Two of the Most Important Investing Paragraphs We Have Ever Read

During major sustained advances in stock prices, which usually occupy from five to seven years of each decade, the investor can complacently hold a list of stocks which are currently unpredictable. He doesn't worry about the top because he knows he is never going to sell at the top. He knows that the chances are overwhelming in favor of the assumption that he will get far better prices by waiting until after the top is passed and a probable reversal in trend can be identified than he will ever get by attempting to anticipate the top, and get out on the nose. In my own experience the largest profits we have ever taken have come from stocks purchased while they were making a new high in a market which was also momentarily expecting the top.

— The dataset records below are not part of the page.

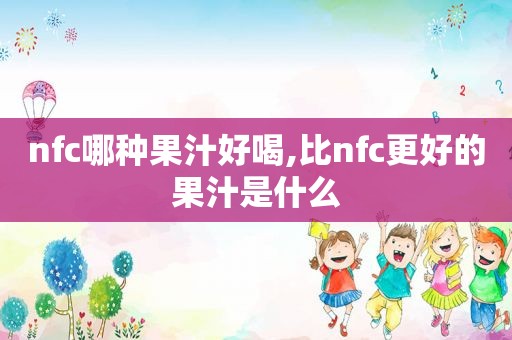 nfc哪种果汁好喝,比nfc更好的果汁是什么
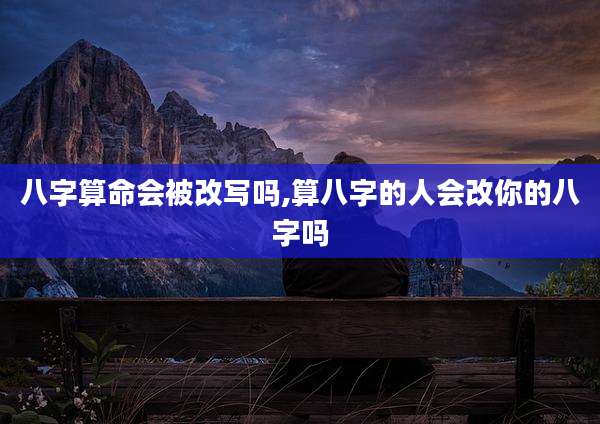 八字算命会被改写吗,算八字的人会改你的八字吗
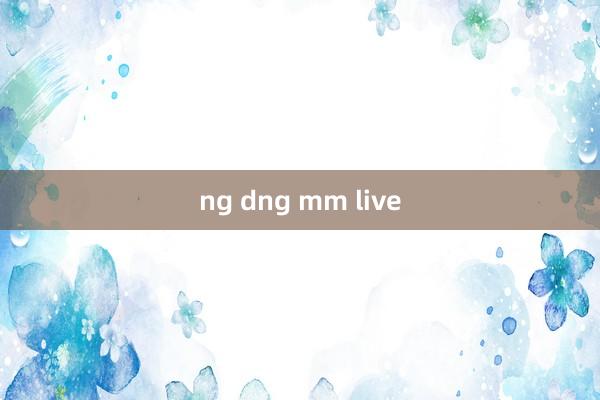 ng dng mm live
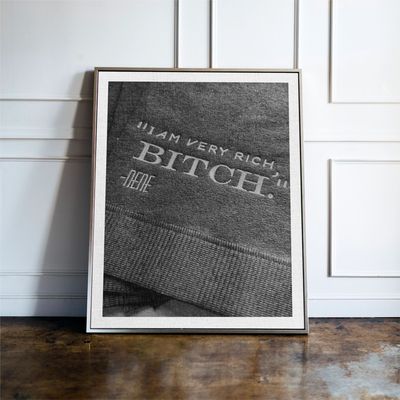 I'm A Very Rich, Bitch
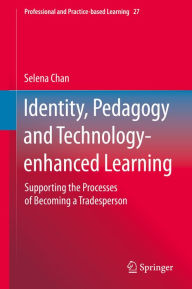 Title: Identity, Pedagogy and Technology-enhanced Learning: Supporting the Processes of Becoming a Tradesperson, Author: Selena Chan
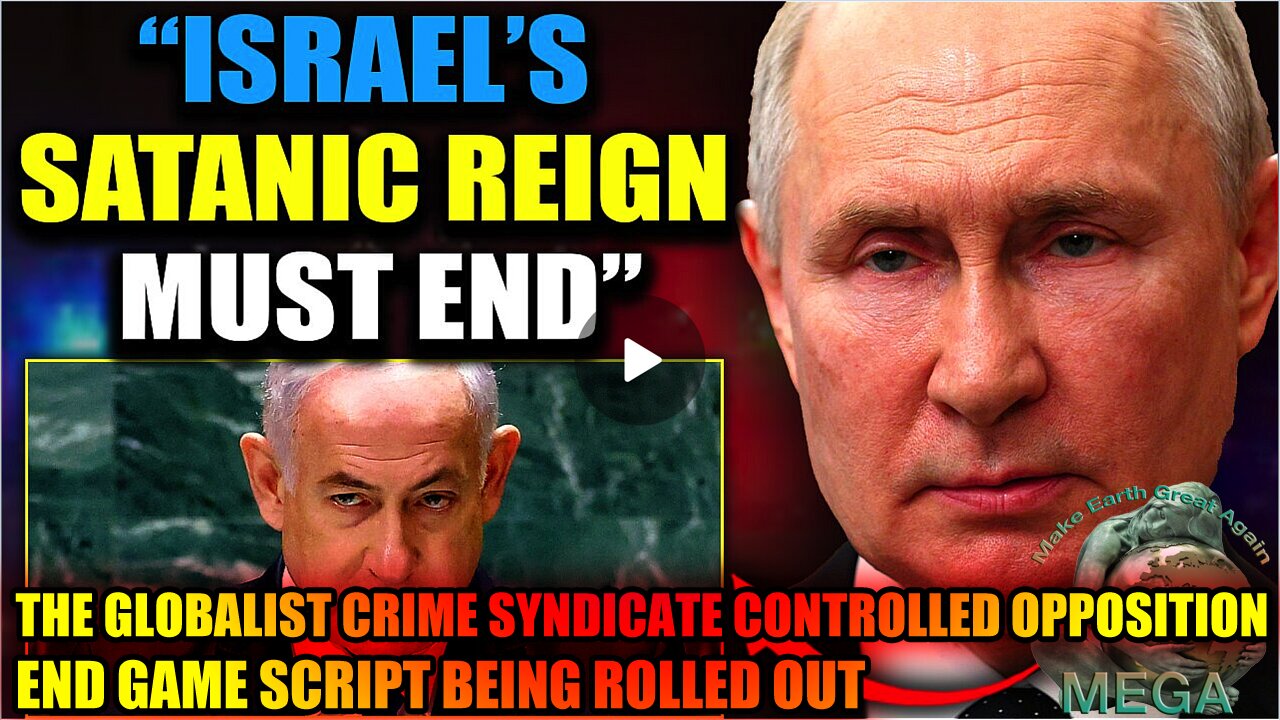 THE "GOG & MAGOG" CORPORATE GLOBALIST CRIME SYNDICATE CONTROLLED OPPOSITION END GAME SCRIPT BEING ROLLED OUT: "Putin Vows to Destroy "Bloodthirsty" Israel's Satanic Grip on Washington DC"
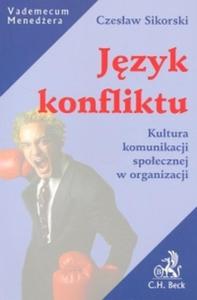 Jzyk konfliktu Kultura komunikacji spoecznej w organizacji - 2825687378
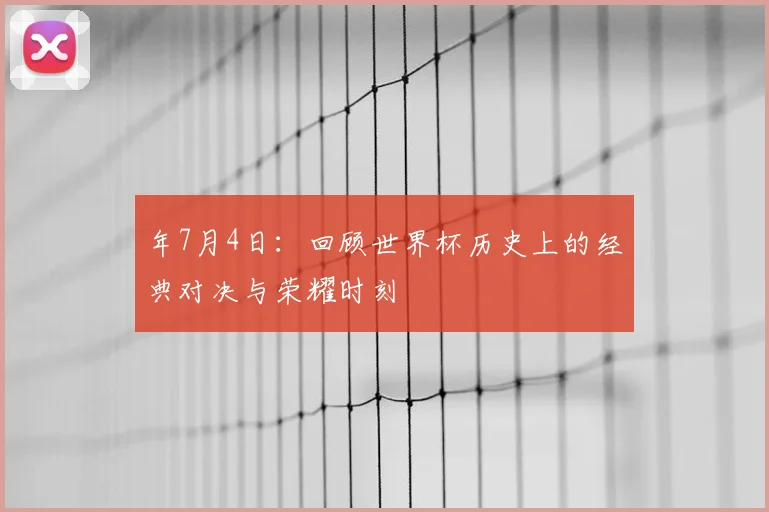 年7月4日:回顾世界杯历史上的经典对决与荣耀时刻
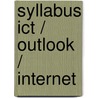 Syllabus ICT / Outlook / Internet door A. Timmer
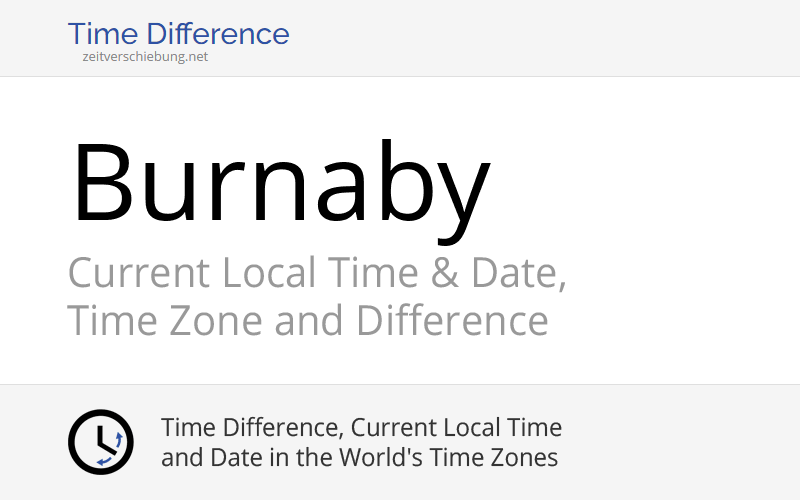 Current Local Time in Burnaby, Canada (Metro Vancouver Regional
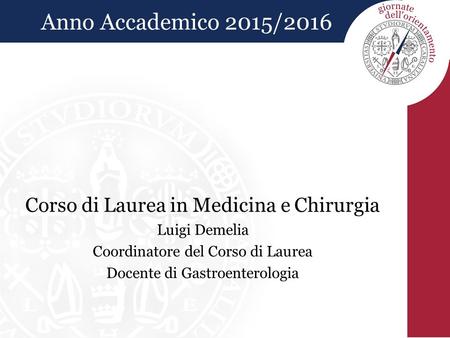Anno Accademico 2015/2016 Corso di Laurea in Medicina e Chirurgia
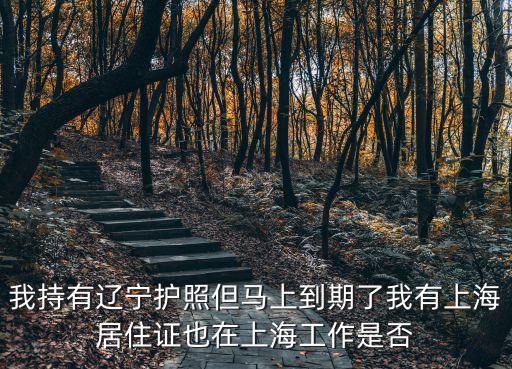 我持有遼寧護照但馬上到期了我有上海居住證也在上海工作是否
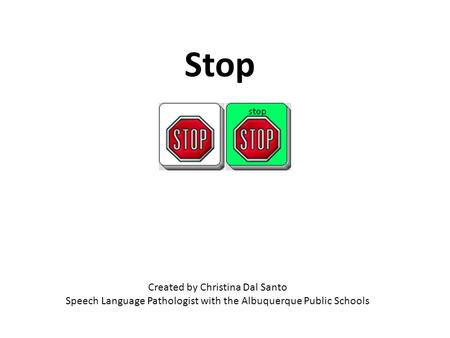 Created by Christina Dal Santo Speech Language Pathologist with the Albuquerque Public Schools Stop.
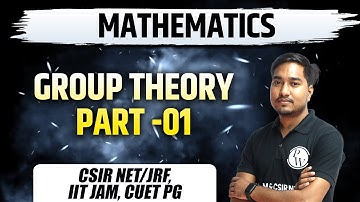 Mathematics | Group Theory Part -01 | CSIR NET/JRF | IIT JAM | CUET PG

As I have already pointed out the absolute price of a stock is unimportant. It is the direction of the price movement that counts. It is always probable, but never certain, that the direction of the price movement will continue. Soon after it reverses is time enough to sell. You should sell when you wish you had sold sooner, never when you think the top has arrived. That way you will never get the very best price—by hindsight your individual transactions will never look daring. But some of your profits will be large, and your losses should be quite small. That is all that is necessary for a satisfactory, enriching investment performance.

Stock Profits Without Forecasting, by Edgar S. Genstein

We have used this quote a number of times over the decades, as these are two of the most important paragraphs we have encountered in more than 47 years of studying markets. DO NOT read them just once. Go off to a quiet spot that invites contemplation and READ THEM SEVERAL TIMES. Then reflect on all of the mistakes you have made in trading and investing. Bells will ring, and curses will be uttered, if you are truly honest with yourself. Our advice is to keep this quote handy, read it over, and study it every time you get ready to make an important buy or sell decision, especially if your emotions reign.

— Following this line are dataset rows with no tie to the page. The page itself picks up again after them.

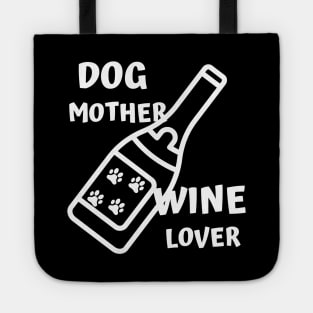 Dog Mother Wine Lover Tote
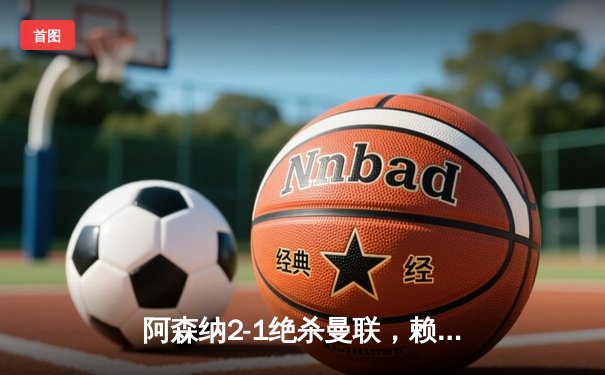 阿森纳2-1绝杀曼联，赖斯补时建功锁定天王山胜利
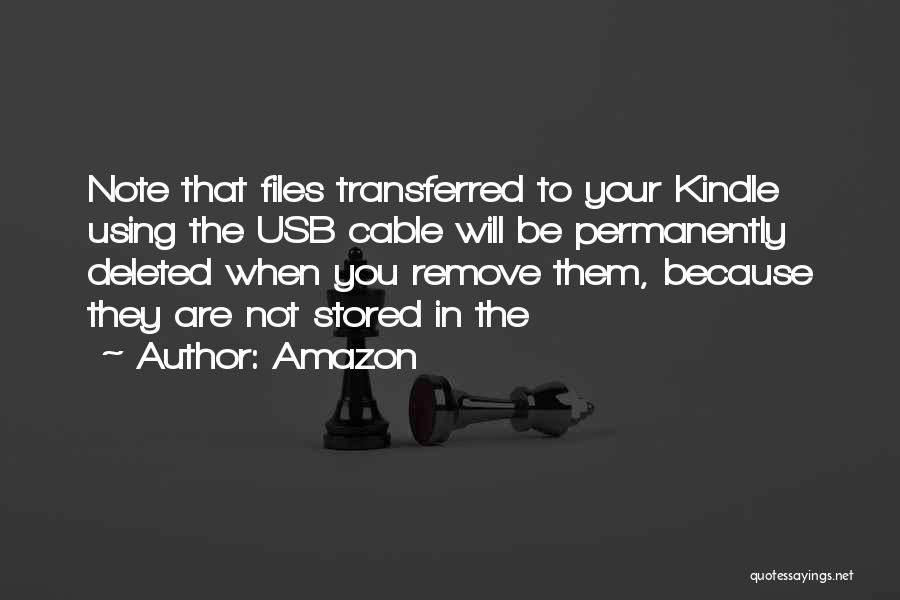 Amazon Quotes: Note That Files Transferred To Your Kindle Using The Usb Cable Will Be Permanently Deleted When You Remove Them, Because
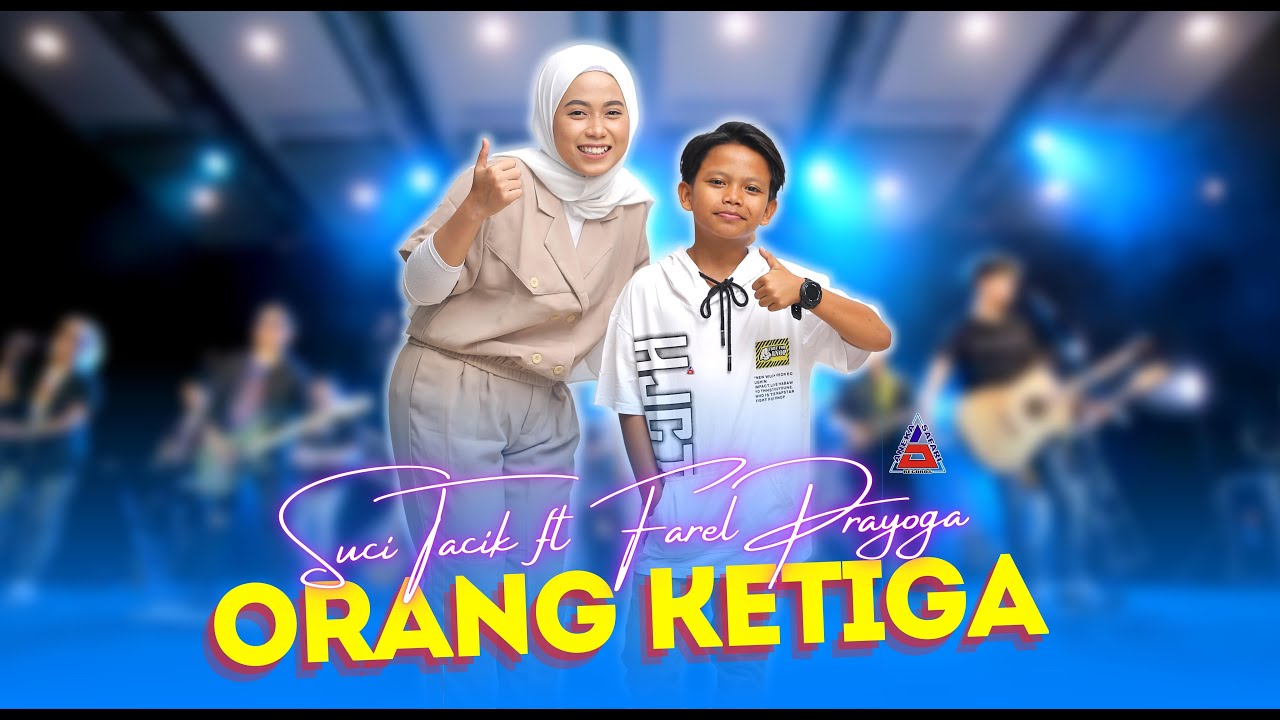 Farel Prayoga ft Suci Tacik - Orang Ketiga - Entah Siapa Yang Salah (Official MV ANEKA SAFARI)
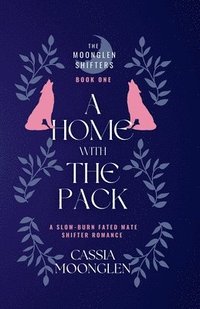 bokomslag Home With the Pack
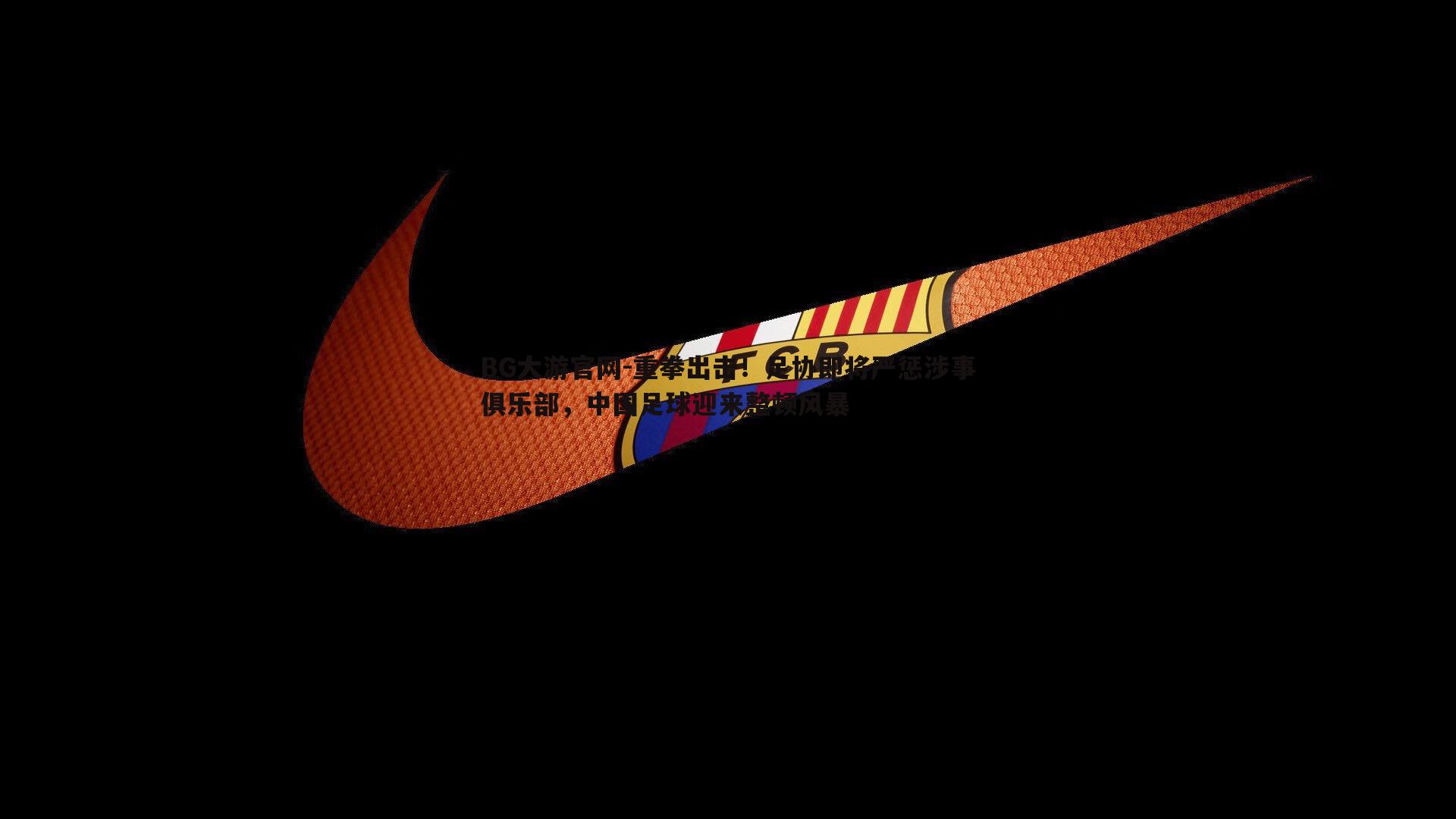 重拳出击!足协即将严惩涉事俱乐部,中国足球迎来整顿风暴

Obviously, we agree with Mr. Genstein's advice, but over the years have added a "twist" to his sage strategy. That twist has been to be a scale-up seller in select stocks that have appreciated when we think we should raise some cash. This does not mean we sell the entire position if we continue to find the fundamentals to be favorable. Scale selling partial positions accomplishes a number of things. We recommended doing some scale-up selling during the entire month of January 2018 when our short/intermediate proprietary models telegraphed that February was the first potential window of downside vulnerability in a long time. The reasons to raise some cash were fairly simple.

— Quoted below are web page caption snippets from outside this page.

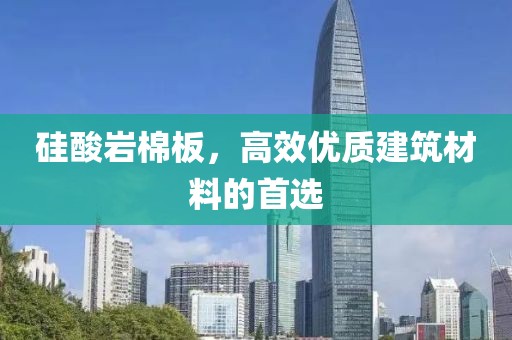 硅酸岩棉板，高效优质建筑材料的首选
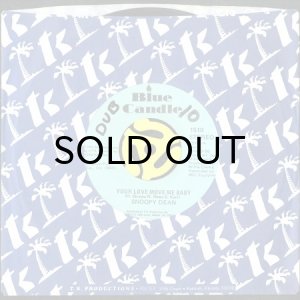 画像3: SNOOPY DEAN / YOUR LOVE MOVE ME BABY (45's) (3)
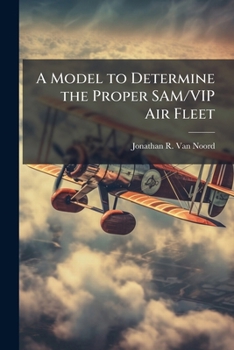 Paperback A Model to Determine the Proper SAM/VIP Air Fleet Book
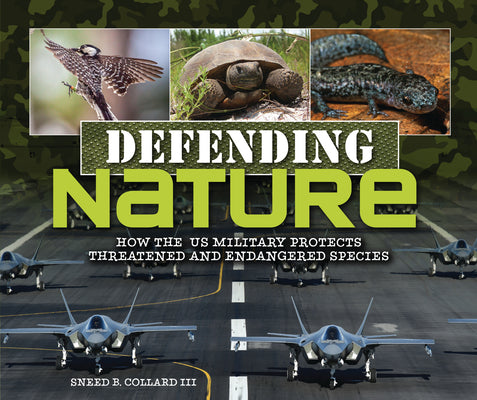 Cover Image for Defending Nature: How the Us Military Protects Threatened and Endangered Species -- Sneed B. Collard III, Hardcover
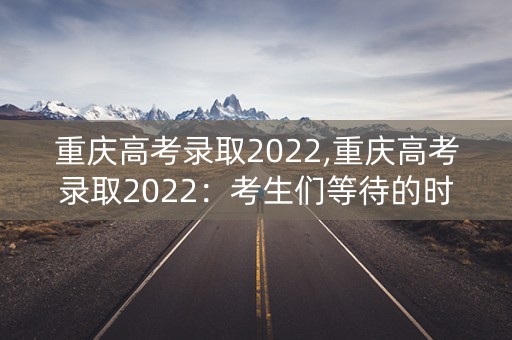 重庆高考录取2022,重庆高考录取2022：考生们等待的时刻即将到来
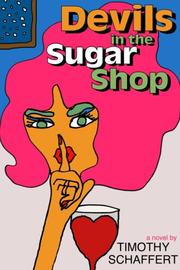 Cover of: Devils in the Sugar Shop by Timothy Schaffert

Firstly, it allows capital gains to accrue to the portfolio (sometimes long-term capital gains and sometimes not). Secondly, it rebalances said stock positions back toward the original portfolio weighting intended. Thirdly, it tends to give us the “margin of safety” mentioned in Benjamin Graham's book The Intelligent Investor. To wit, this strategy allows us to hold some of our original investment positions until we “wish I would have sold them sooner.”